A version of the New York Post's cover on Thursday features "Muslim Killers" in giant letters, over an image of injured victims from the San Bernardino shooting, and it has ruffled more than a few feathers.
The subscribers' edition hard copy distributed early Thursday morning said "Murder Mission" before it was swiftly replaced with the controversial alternative for the second printing, which was distributed to newsstands.
"I think it's the lowest common denominator of fear-mongering to change their front page to 'Muslim Killers,'" McCaw added. "It endangers the Muslim community and it seeks to legitimize anti-Muslim hysteria."
"Muslims are no more responsible for yesterday's terrible events than Christians are for Planned Parenthood," McCaw said of the Friday attack on the reproductive health organization, which left three people dead.
Farhan Khan Virk, a Muslim social and political activist in Pakistan, told Mic the front page left him speechless.
"This is not the first time something like this has happened," Virk said. "They are always looking to us Muslims to justify ourselves and we just came out of the Paris tragedy, where we had to do the same thing."

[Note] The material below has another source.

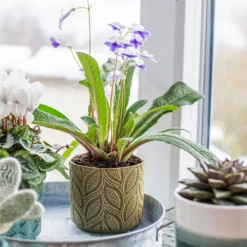 Crackle Leaf Indoor Plant Pot - 12cm -Green Haven Shop 14197410 8095024191499877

McCaw explained the Paris attacks were responsible for a rise in violence and threats against Muslims in America and that CAIR has since received an unusually high number of American Muslims calling to report being targeted.
"The people who shot the victims are psychopaths," Virk said. "In the history of the U.S.A. there have been so many Christian shooters, but you never see a newspaper cover which says 'Christian Killers.' You are isolating the entire community."
The sentiment of recklessness was felt amongst certain swaths of America. Twitter users, such as Pat Frederickson, called the newspaper "irresponsible."
This is what ISIS would want. Virk believes this kind of Islamophobia plays into the hands of the Islamic State group, who want to create a clear divide between Muslims and the rest of the world.
"The Islamic State, they are operating on the same fascist principles as Hitler, saying Muslims are the superior race and telling them they are different from everyone else," Virk explained. "But that's what the media is doing, too — telling Americans Muslims are different."
McCaw echoed Virk, saying the best way for America to protect itself against Islamic extremism is to pursue inclusivity rather than exclusion. "Becasue ISIS wants to separate Muslims from non-Muslims, the best way to stand up to terrorism is to stand together," he said.
The Pakistani activist expressed his sympathies and concerns for Muslim Americans, citing the shooting of a Moroccan cab driver on Thanksgiving in what appears to be an Islamophobic hate crime.
"The West must realize we need to live together," Virk said. "Muslims need to be integrated into the community as equals, they need to be respected, Otherwise nothing can be done to make a real change."